O górskich lasach uwag kilka
Najcenniejsze fragmenty, ba – całe pasma górskie objęte są ochroną jeśli nie w postaci parków narodowych, gdzie obowiązują ostre przepisy, to w formie parków krajobrazowych. Leśnicy starają się jak mogą edukować „obcych” korzystających z uroku gór, głównie stawiając wielkie tablice z zakazami. Nie wiem, czy przypadkiem nie przesadzają, zwłaszcza, że sami do owych zakazów się nie stosują i jak życie pokazuje wcale nie mają zamiaru stosować. Kilkanaście dni spędzonych jesienią w kilku pasmach naszych Beskidów zaowocowało spostrzeżeniami, które chcę przekazać Czytelnikom.
Schodząc do Rytra, widziałem obok leśniczówki sporych rozmiarów tablicę z wymalowanymi zakazami: zakaz palenia ognisk, śmiecenia, deptania, wprowadzania zwierząt (psów), biwakowania, a nawet poruszania się poza znakowanymi szlakami (w parku krajobrazowym, nie narodowym!?) itd., itp. I cóż w tym dziwnego, przecież to w trosce o przyrodę gór i bezpieczeństwo turystów – powie ktoś. Czy aby na pewno? Życie codzienne wskazuje, że normalnemu cywilizowanemu człowiekowi takie tablice nie są potrzebne, bo on nie niszczy, nie śmieci i przyrodzie nie szkodzi, natomiast osobnika prymitywnego owe tablice i ich treść nic nie obchodzą, bo albo ich nie rozumie, albo wie, o co chodzi, ale i tak swoje zrobi. Leśnicy stawiają jednak tablice i w ten sposób mają czyste sumienie, i nikt nie może zarzucić, że nie dbają o dotarcie do turystów i wczasowiczów z właściwą informacją.

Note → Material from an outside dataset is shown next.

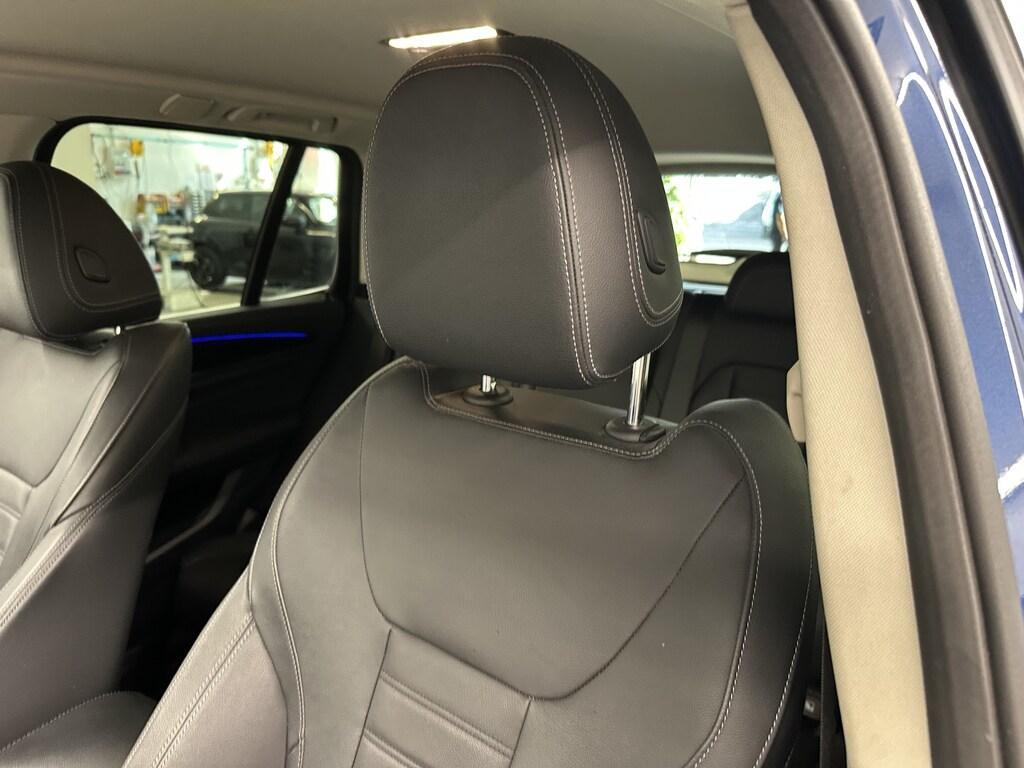 BMW X3 20 d Luxury xDrive Steptronic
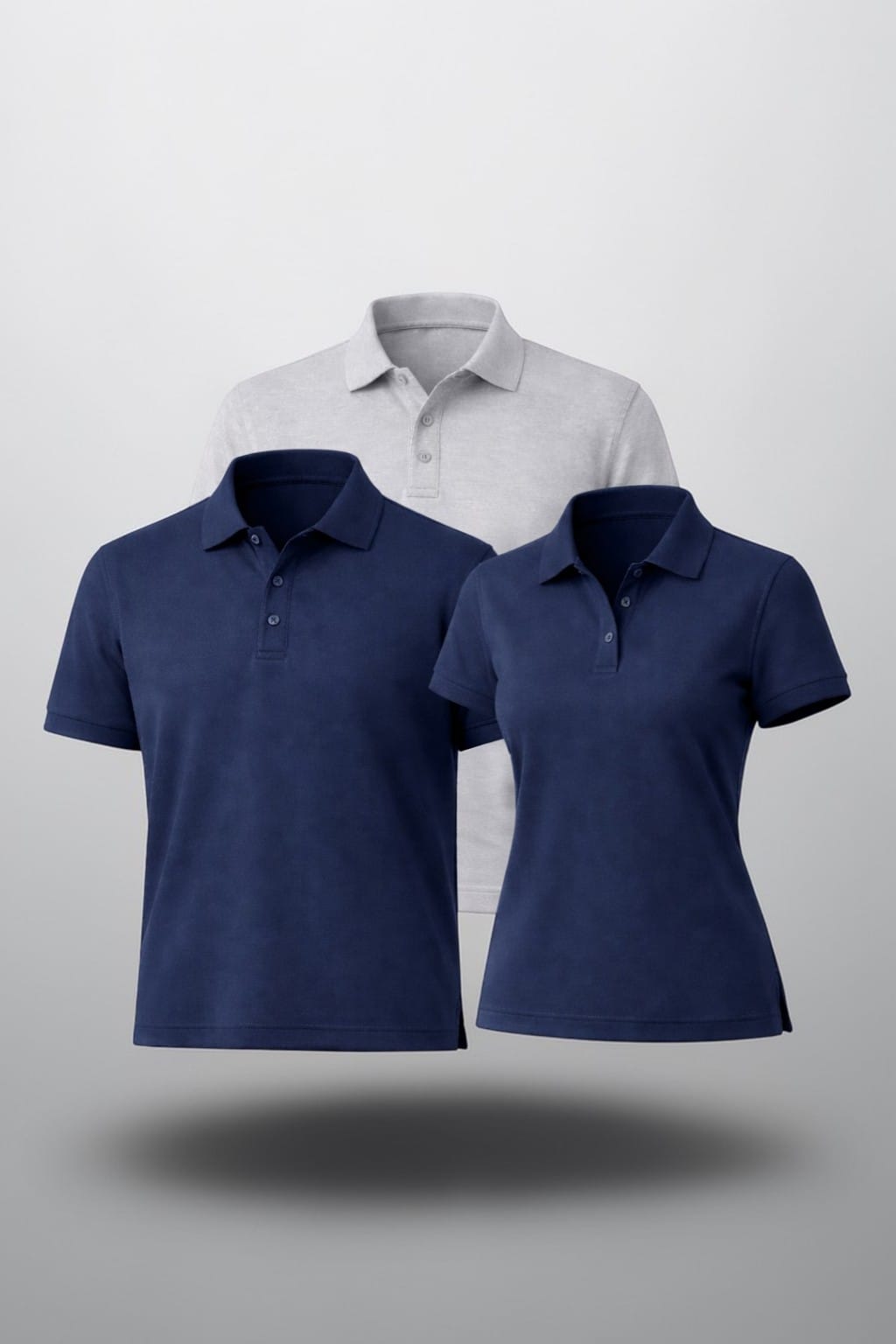 uniforme de futbol personalizado conjunto negro azul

Jak w praktyce wygląda owa troska o górskie lasy? Idąc zielonym szlakiem ze Szczawnicy na Prehybę usłyszeliśmy warkot pił. Na stromym stoku uwijali się pilarze, rżnąc co popadnie. To nie złośliwość, oni po prostu tak pracowali. A dowodem niech będzie fakt, że pod piłą padło również drzewo z namalowanym znakiem szlaku turystycznego, kilka innych drzew leżało przegradzając szlak. Jakość mijanych znaków świadczyła, iż znakowanie było niedawno odnawiane. A przecież znak turystyczny jest chroniony prawem i jego zniszczenie jest karalne. Tylko kto by się tym przejmował? Pilarze oraz organizatorzy ich pracy naruszyli jeszcze parę przepisów dotyczących bezpieczeństwa: nie mieli kasków na głowach, a teren nie był oznakowany żadną tablicą informującą o wyrębie. Nikt nie zastanawiał się, że drzewa padają na turystyczną ścieżkę. Żeby było ciekawiej dodam, że „obcy” są pouczani w tym rejonie tablicą o treści: „Ostoja zwierzyny, zachowaj ciszę”. Tylko jaka zwierzyna ma ostoję w miejscu, gdzie od rana do wieczora słychać tylko motorowe piły? Paranoja? – nie, to tylko realia gospodarki leśnej w Popradzkim Parku Krajobrazowym.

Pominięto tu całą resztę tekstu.